WHAT YOU NEED TO DO ->
Give the records back exactly as written, but without the images.

(Captioned web image data)

========================

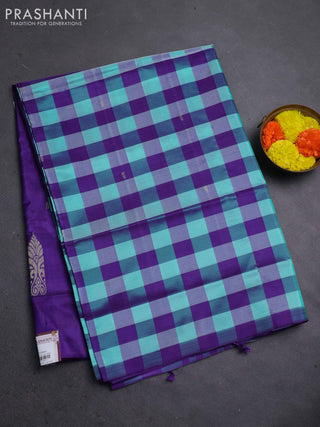 Banana pith saree teal green and violet with allover checked pattern in borderless style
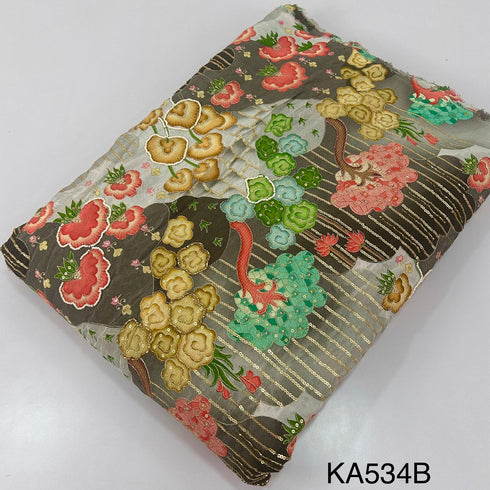 Position Print Zari Sequins Beads Cut Dana Work Crepe Fzbric-KA534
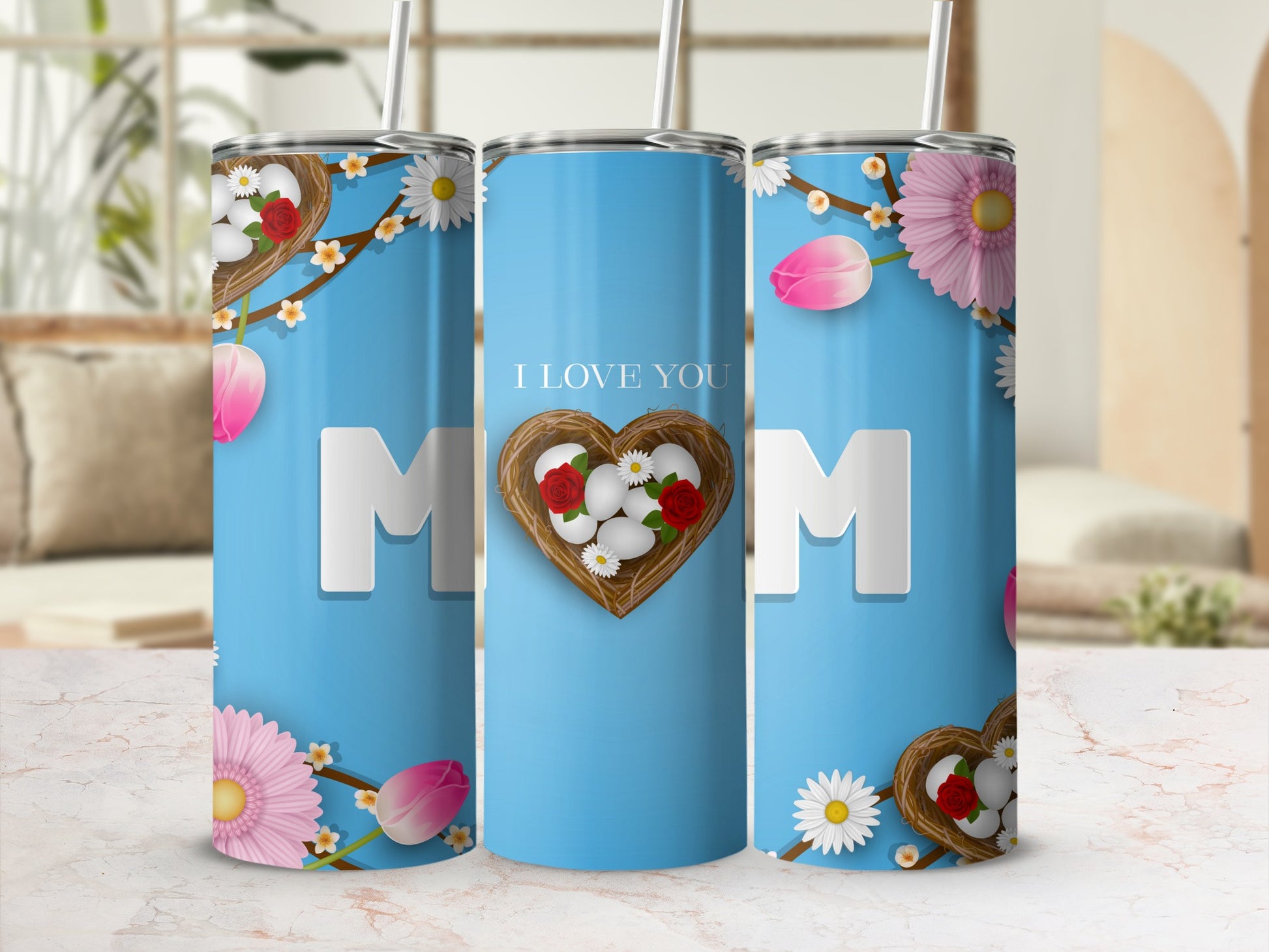 I Love You Mom Flowers and Heart Blue Tumbler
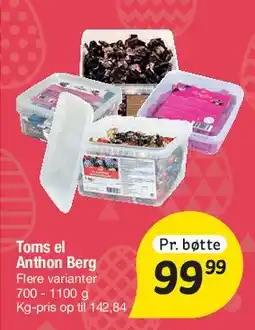 Fakta Tyskland Toms / Anthon Berg (bøtte) tilbud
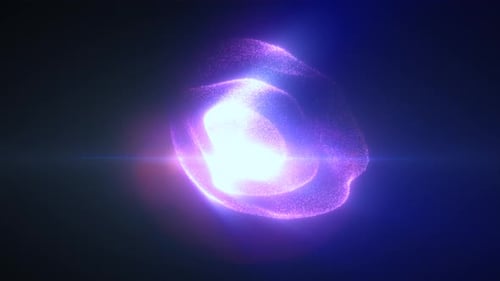 Glowing purple particles creating a floating sphere shape with intense light at its core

========================

RESPONSE FOR THIS EXERCISE ->
 Banana pith saree teal green and violet with allover checked pattern in borderless style
 Position Print Zari Sequins Beads Cut Dana Work Crepe Fzbric-KA534
 I Love You Mom Flowers and Heart Blue Tumbler
 Fakta Tyskland Toms / Anthon Berg (bøtte) tilbud
 Glowing purple particles creating a floating sphere shape with intense light at its core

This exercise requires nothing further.